• _TASK INSTRUCTIONS_: Please copy the lines below, exactly as they are, from the one with "Supplement Facts Vegan Protein Birthday Cake" through the one with "GENESIS HERNÍ MYŠ", and leave out the pictures.

• _DATA RECORDS_:
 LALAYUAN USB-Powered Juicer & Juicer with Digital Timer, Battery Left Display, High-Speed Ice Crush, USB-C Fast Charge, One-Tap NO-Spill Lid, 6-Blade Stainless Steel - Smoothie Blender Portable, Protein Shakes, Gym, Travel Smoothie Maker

...

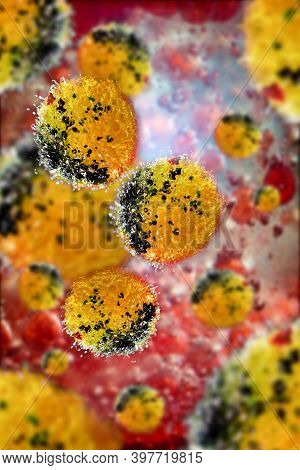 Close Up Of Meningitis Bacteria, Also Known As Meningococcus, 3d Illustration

---

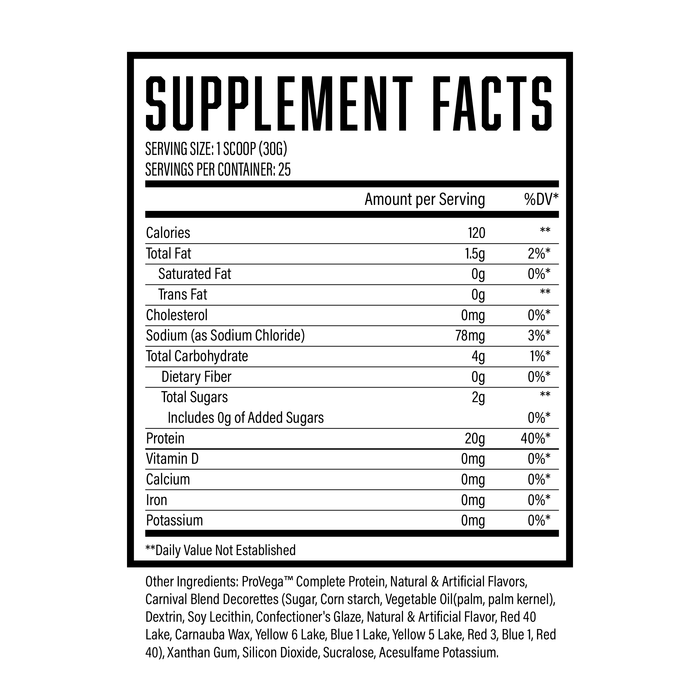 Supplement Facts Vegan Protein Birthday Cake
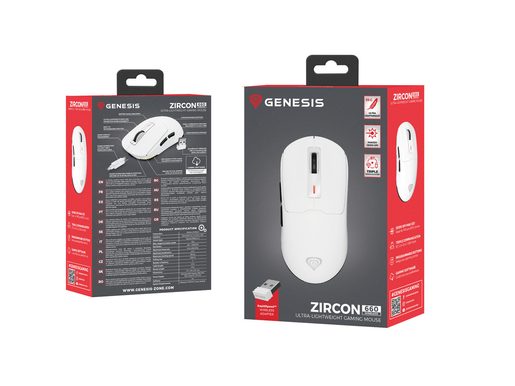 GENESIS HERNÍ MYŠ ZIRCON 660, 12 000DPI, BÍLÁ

• _TASK RESPONSE_:
 Supplement Facts Vegan Protein Birthday Cake
 GENESIS HERNÍ MYŠ ZIRCON 660, 12 000DPI, BÍLÁ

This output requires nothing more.